━━━━━ Material to process

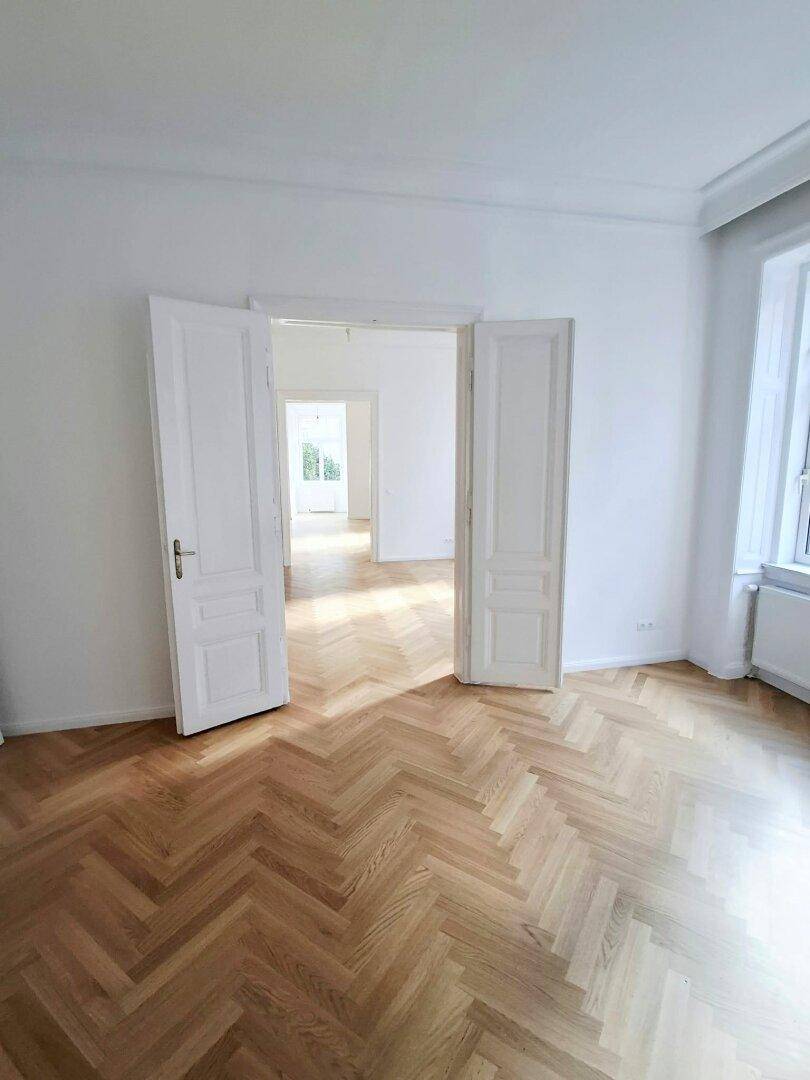 Heller Raum mit Fischgrätparkett und hohen Flügeltüren, die eine offene Raumgestaltung ermöglichen.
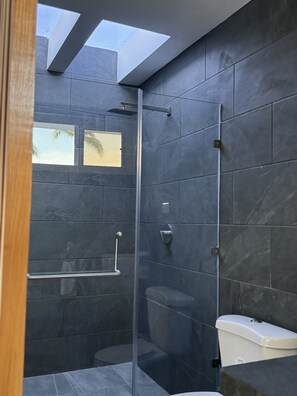 Een douche, handdoeken, zeep, toiletpapier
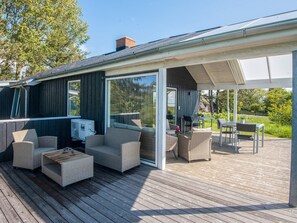 A covered outdoor deck with wicker furniture, a table, and a glass door leading to a garden.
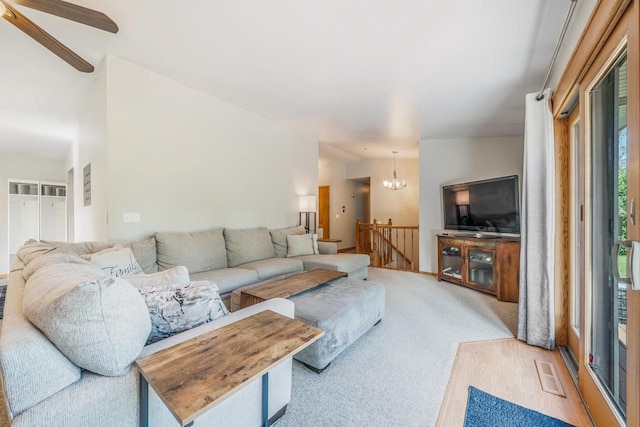 531 E Taft Ave, Appleton, WI 54915 - carpeted living room featuring healthy amount of natural light, a chandelier, and ceiling fan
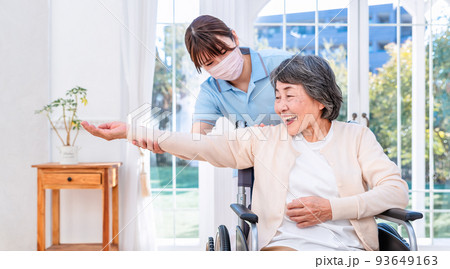 リハビリテーションセンター　ストレッチをする高齢女性とサポートするケアスタッフ 93649163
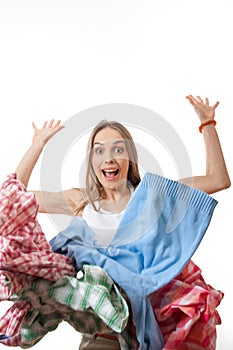 Woman throws a pile of clothes, isolated on white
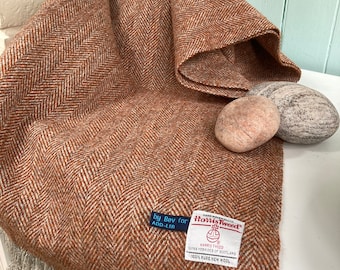 May include: A brown and white herringbone tweed scarf with a fringe border. The scarf has a label that reads "Harris Tweed" and "100% Pure New Wool".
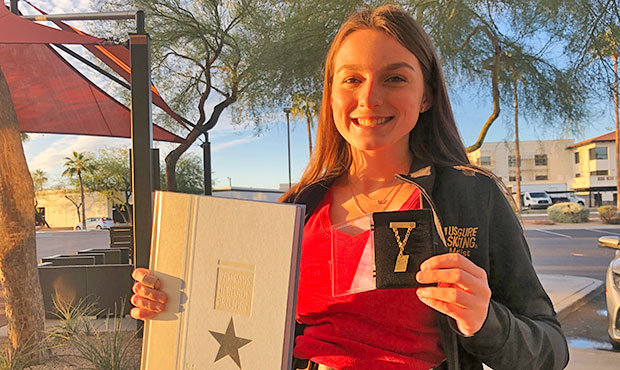 17-year-old Lauren Kobley displays her Veterans Heritage Project book and figure skating gold medal...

━━━━━━━━━━

The lines running from the beginning of the listing above through the line that holds "531 E Taft Ave, Appleton, WI" are to be duplicated exactly, both ends kept, pictures omitted.

◆ Task output
 Heller Raum mit Fischgrätparkett und hohen Flügeltüren, die eine offene Raumgestaltung ermöglichen.
 Een douche, handdoeken, zeep, toiletpapier
 A covered outdoor deck with wicker furniture, a table, and a glass door leading to a garden.
 531 E Taft Ave, Appleton, WI 54915 - carpeted living room featuring healthy amount of natural light, a chandelier, and ceiling fan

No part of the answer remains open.